Diese Beobachtungen geben uns eine neue Sichtweise was die unterwürfige Haltung von Frauen anbelangt. Viele der weiblichen Verhaltensweisen, die als Selbstbeschränkung interpretiert wurden, sind vielleicht in Wirklichkeit nichts anderes als das Ende einer Folge, in der Selbstbehauptung versucht worden war und auf einer nichtverbalen Ebene unterdrückt wurde.

Auf ähnliche Weise kann uns das Studium des nichtverbalen Verhaltens über andere Fragen aufklären, die für die Befreiung von Frauen grundlegend sind: In der nichtverbalen Kommunikation sehen wir, wieviel Persönliches in Wahrheit politisch ist. Einiger der für den Zusammenhang von Frauen und Macht relevanten Fragen, die durch das Studium von nichtverbalem Verhalten angegangen werden können, sind:
  • In welchen Formen kann sich Macht ausdrücken, und wie funktioniert sie dynamisch?
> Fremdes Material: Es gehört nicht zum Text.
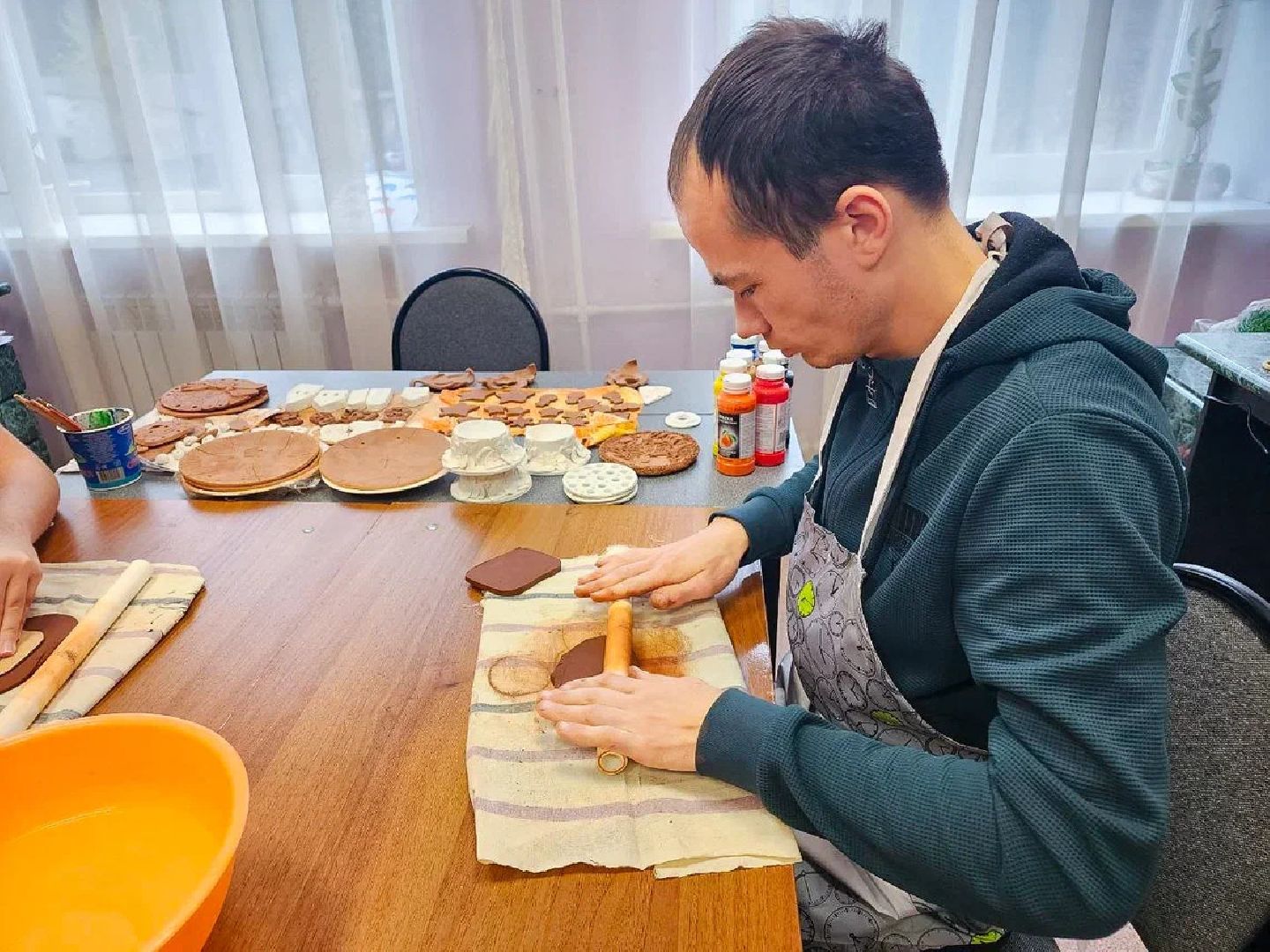 ильинский погост, империя ремесел, лепка, вязание, ткачество, инвалиды, орехово-зуево,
Welche Formen und welche Dynamik finden in Beziehungen eine besondere Anwendung gegenüber Frauen?
  • Was für Analogien können wir ziehen und was für Ähnlichkeiten können wir sehen zwischen der Ausübung von Macht über Frauen und der Ausübung von Macht gegenüber anderen Gruppen - Schwarzen, Homosexuellen, Kindern, anderen rassischen und ethnischen Minoritäten, der Arbeiterklasse etc.? Was für Unterschiede gibt es in den Formen von Macht, die gegenüber diesen unterschiedlichen Gruppen ausgeübt wird? Welches sind die Ähnlichkeiten und Unterschiede in den Reaktionen auf diese verbale Macht?
  • Wie ist die Beziehung zwischen institutionalisierter Macht und individueller Machtbeziehung, d.h. zwischen dem Makropolitischen und Mikropolitischen? Wie ist die Beziehung persönlicher Macht in Bezug zu stellen zu Fragen gesellschaftlicher Kontrolle - und wie "trivial" ist das Studium persönlicher Macht? Was für Informationen bekommen wir aus der Erforschung von nichtverbaler Kommunikation, die für ein Selbstbehauptungstraining wichtig sind?
  • Welche Ziele sollen durch das Studium der Macht verfolgt werden - Verteidigung und/oder Angriff? Führt Macht, die ausgeübt wird, um sich zu verteidigen, zu Macht, die ausgeübt wird, um zu dominieren? Wird das Wissen über Macht und ein Verständnis von Macht, z.B. durch das Wissen über nichtverbale Kommunikation, genauso wie die versteckte und mißverstandene Macht zur Korruption führen?
Zusammenfassend sind meine Behauptungen:

Macht ist die Fähigkeit, andere zu beeinflußen oder zu zwingen, und sie basiert auf der Kontrolle von wichtigen Gütern. Sie wird in einem Kontinuum, das von der gerinsten bis zu der größten Anwendung von Gewalt reicht, ausgeübt. Im allgemeinen wird die mildeste Form von Gewalt, die ausreicht, den gewünschten Effekt zu erreichen, benutzt. Nichtverbales Verhalten ist eine Hauptmethode innerhalb der Kommunikation in unserem Alltagsleben, und Macht ist ein Hauptthema innerhalb der nichtverbalen Kommunikation.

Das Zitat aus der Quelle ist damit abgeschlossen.